In decades past, Southern states frequently were associated with racial segregation.
However, a study published today in the journal Health Affairs sheds new light on the concept of segregation as it relates to a modern-day arena — nursing homes.
And this time, the South comes out clean.
Researchers at Temple University in Philadelphia, and Brown University in Providence, R.I., analyzed the quality and racial makeup of nursing homes.
What they found was distressing.
"We found that there were big differences between quality of nursing home care that blacks received as opposed to whites," said David Barton Smith, professor emeritus in the Fox School of Business at Temple University and lead author of the paper. "This was related largely to where they received their care."
Researchers looked at every nursing home across the United States and they assigned each metropolitan region a score reflecting the level of segregation among its nursing homes.
The Midwest was found to be the most segregated, with areas such as Cleveland, Milwaukee, Detroit, Chicago and Cincinnati ranking in the Top 10.

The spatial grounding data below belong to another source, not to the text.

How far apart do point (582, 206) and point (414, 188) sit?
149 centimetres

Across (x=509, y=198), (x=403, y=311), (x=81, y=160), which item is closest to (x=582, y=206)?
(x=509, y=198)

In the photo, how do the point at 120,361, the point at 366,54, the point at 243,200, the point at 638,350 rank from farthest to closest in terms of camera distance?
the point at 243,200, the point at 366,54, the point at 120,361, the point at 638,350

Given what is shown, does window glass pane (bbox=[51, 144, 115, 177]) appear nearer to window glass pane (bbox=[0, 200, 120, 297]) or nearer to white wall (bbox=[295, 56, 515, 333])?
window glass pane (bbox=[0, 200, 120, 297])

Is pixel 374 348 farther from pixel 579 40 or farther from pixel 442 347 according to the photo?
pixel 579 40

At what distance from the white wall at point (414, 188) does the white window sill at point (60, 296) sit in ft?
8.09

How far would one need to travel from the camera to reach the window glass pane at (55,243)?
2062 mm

The South was actually the least segregated, with nursing homes there more likely to have racially mixed resident populations.
The nursing homes were then ranked along quality indicators such as patient-to-staff ratio and inspection deficiencies. Black nursing home residents were more likely to be in a facility with potentially hazardous deficiencies.

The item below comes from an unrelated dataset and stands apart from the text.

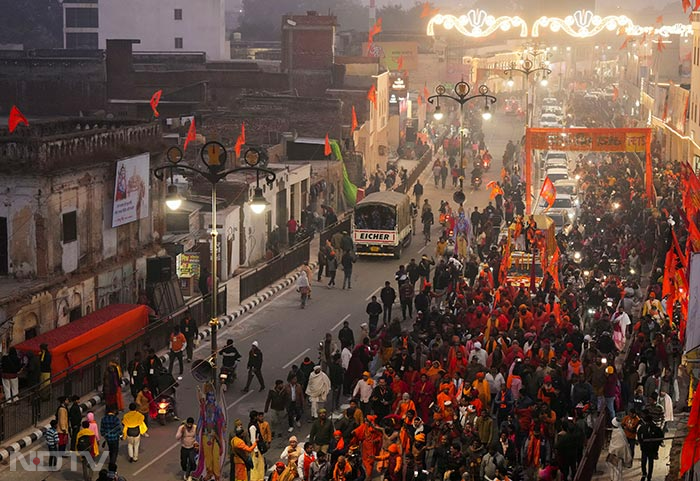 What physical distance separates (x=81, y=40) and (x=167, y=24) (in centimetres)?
1198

Study co-author Jacqueline Zinn, professor in the Fox School of Business at Temple University, notes that the differences in the care received by black nursing home residents and their white counterparts were not "within-home" differences.

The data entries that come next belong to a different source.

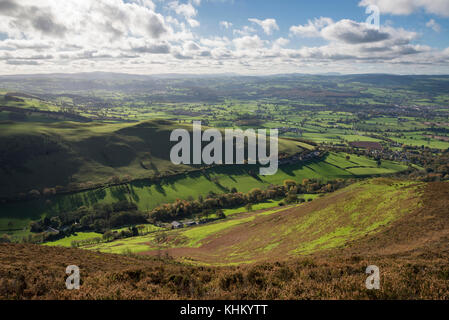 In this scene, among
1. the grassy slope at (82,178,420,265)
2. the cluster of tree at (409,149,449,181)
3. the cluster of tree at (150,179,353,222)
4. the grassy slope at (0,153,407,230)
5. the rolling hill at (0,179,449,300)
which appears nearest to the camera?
the rolling hill at (0,179,449,300)

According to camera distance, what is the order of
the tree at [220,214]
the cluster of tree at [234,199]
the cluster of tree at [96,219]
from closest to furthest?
1. the cluster of tree at [96,219]
2. the tree at [220,214]
3. the cluster of tree at [234,199]

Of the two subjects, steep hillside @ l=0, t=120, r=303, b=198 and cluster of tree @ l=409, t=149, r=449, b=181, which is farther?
cluster of tree @ l=409, t=149, r=449, b=181

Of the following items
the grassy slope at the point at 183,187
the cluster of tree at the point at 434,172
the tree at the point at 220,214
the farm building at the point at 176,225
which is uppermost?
the cluster of tree at the point at 434,172

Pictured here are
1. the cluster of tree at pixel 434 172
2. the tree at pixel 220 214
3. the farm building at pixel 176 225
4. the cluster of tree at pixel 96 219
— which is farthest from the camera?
the cluster of tree at pixel 434 172

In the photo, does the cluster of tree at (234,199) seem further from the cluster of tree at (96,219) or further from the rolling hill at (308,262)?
the rolling hill at (308,262)

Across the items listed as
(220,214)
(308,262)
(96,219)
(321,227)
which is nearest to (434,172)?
(220,214)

"The care provided within the facility is consistent," she said. "It's just differences across [regions] with regard to the degree of segregation."
The issue of segregation in nursing homes may reflect a small piece of a larger issue, Smith said.
"Even though this is a small portion of the health-care system, it illustrates a deeper underlying problem and a real challenging one to try to deal with," he said.
But the need to deal with it appropriately may be growing.
The problem "matters to everybody because you have an entire generation of baby boomers that are suddenly discovering how difficult it is to get decent care to their parents, and they are thinking, 'what's going to happen to me?'" Smith said. "If we can make [the health system] work better for the minority population, we can learn how to make it better for everybody."
As for why this pattern has emerged, researchers say there could be many factors to blame.
Zinn said the choices of patients themselves may play a role in determining the racial makeup of specific areas.
"Most segregated institutions are in segregated communities," she said. "Whether or not that's self-selection is something that needs to be explored. When it comes to nursing homes, people want to stay close by friends and family."
Dr. Kevin Schulman, director for the Center for Clinical Genetics and Economics at Duke University in Durham, N.C., agrees. "The distribution of patients in nursing homes reflected the population of the community more generally," he said.